Pages: 1 2 3 4 5 6 7 8

(13-08-2025, 11:41 AM)magnesium Wrote: You are not allowed to view links. Register or Login to view.Very interesting, thanks! Out of curiosity, would you mind running the same analysis on just the subsections of ZL3a-n.txt assigned to Voynich/Currier B? The overrepresentation of qok within the Naibbe cipher is meant to mimic Voynich B specifically, so I'm curious to see how well that holds up.

Yes, I could do that. However, I would need a prepared ZL3a-n.txt file. Does anyone have one, or can anyone tell me how to extract Currier B from it ?

(13-08-2025, 05:50 PM)bi3mw Wrote: You are not allowed to view links. Register or Login to view.Yes, I could do that. However, I would need a prepared ZL3a-n.txt file. Does anyone have one, or can anyone tell me how to extract Currier B from it ?

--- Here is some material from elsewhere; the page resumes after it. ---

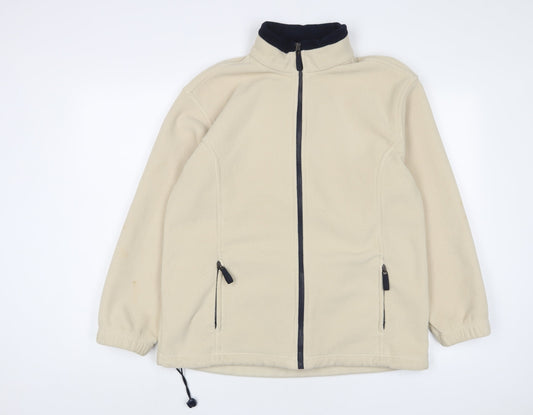 Womens UK Size 16 Marks and Spencer Beige Jacket
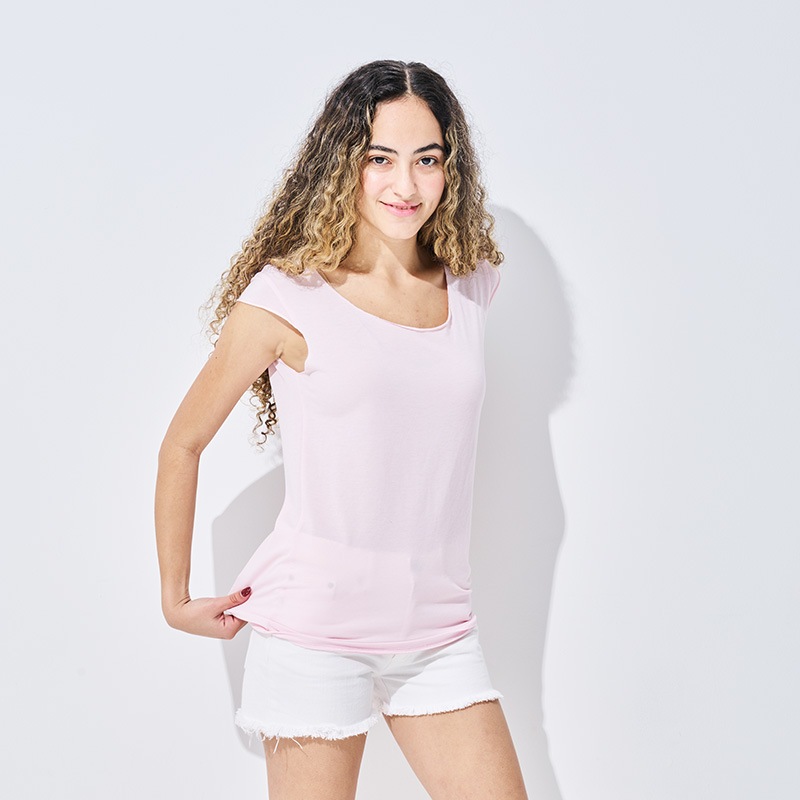 【インナーでばっちりUVケア】　サラカラインナーUV　Ｔシャツ　エポカルのインナーで紫外線対策！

Thank you very much! If memory serves, it's in the metadata for each folio, under the value $L. Currier B is $L=B, Currier A is $L=A. For example, for f75r:

<f75r> <! $Q=M $P=A $F=a $B=1 $I=B $L=B $H=2 $C=2>

I was actually thinking of an IVTT command on the command line that does everything in one go. Maybe @ReneZ can help here. I know the following command that extracts the entire text:

ivtt -x7 ZL3a-n.txt outputfile.txt

I just need to know the parameter to extract Currier B.

Edit: Is that correct? :
ivtt -x7 -LA ZL3a-n.txt outputfile.txt

(13-08-2025, 06:31 PM)bi3mw Wrote: You are not allowed to view links. Register or Login to view.I was actually thinking of an IVTT command on the command line that does everything in one go. Maybe @ReneZ can help here. I know the following command that extracts the entire text:

ivtt -x7 ZL3a-n.txt outputfile.txt

I just need to know the parameter to extract Currier B.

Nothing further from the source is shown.